--- Data provided ---
*-*-*
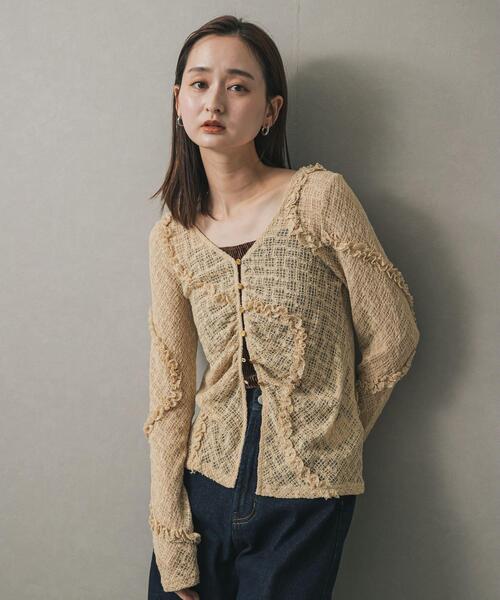 SENSE OF PLACE by URBAN RESEARCH（センスオブプレイスバイアーバンリサーチ）の「フロントボタンレースカーディガン（カーディガン/ボレロ・レディース・ベージュ/ブラウン/ブラック/アイボリー・ONE）」の16枚目の写真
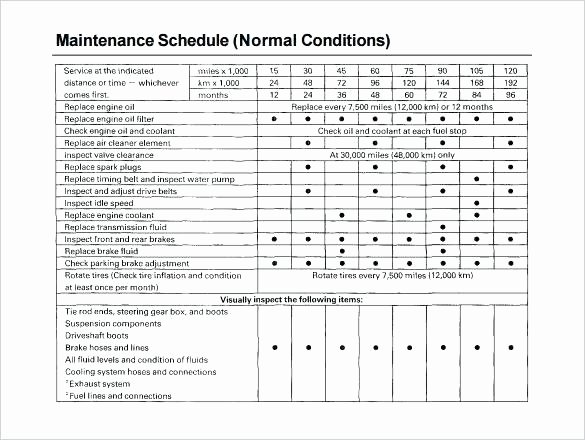 Vehicle Maintenance Schedule Template New Vehicle Service History Record Template My Excel Templates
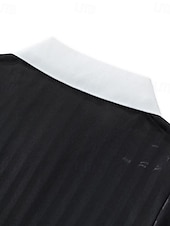 ieftine tricou simplu-Pentru femei Tricouri Tricou sport Echipament sportiv Bloc de Culoare Dungi Stilat Casual Manșon scurt În V Gulerul Polo Crop Tops Sport Ieșire Sfârșit de săptămână Negru Alb Galben Cafea Var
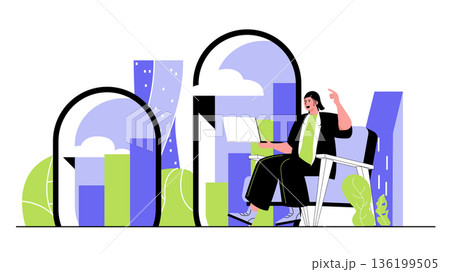 Data analysis concept for modern web design. People researching statistics, making financial business analytics, accounting finance company. Flat vector illustration isolated on white background. Data analysis concept for modern web design. People researching statistics, making financial business analytics, accounting finance company. Flat vector illustration isolated on white background. 136199505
*-*-*
What's needed is an exact copy of the lines above from the one with "Vehicle Maintenance Schedule" through the one with "ieftine tricou simplu-Pentru", both included; the pictures stay out.

 Vehicle Maintenance Schedule Template New Vehicle Service History Record Template My Excel Templates
 ieftine tricou simplu-Pentru femei Tricouri Tricou sport Echipament sportiv Bloc de Culoare Dungi Stilat Casual Manșon scurt În V Gulerul Polo Crop Tops Sport Ieșire Sfârșit de săptămână Negru Alb Galben Cafea Var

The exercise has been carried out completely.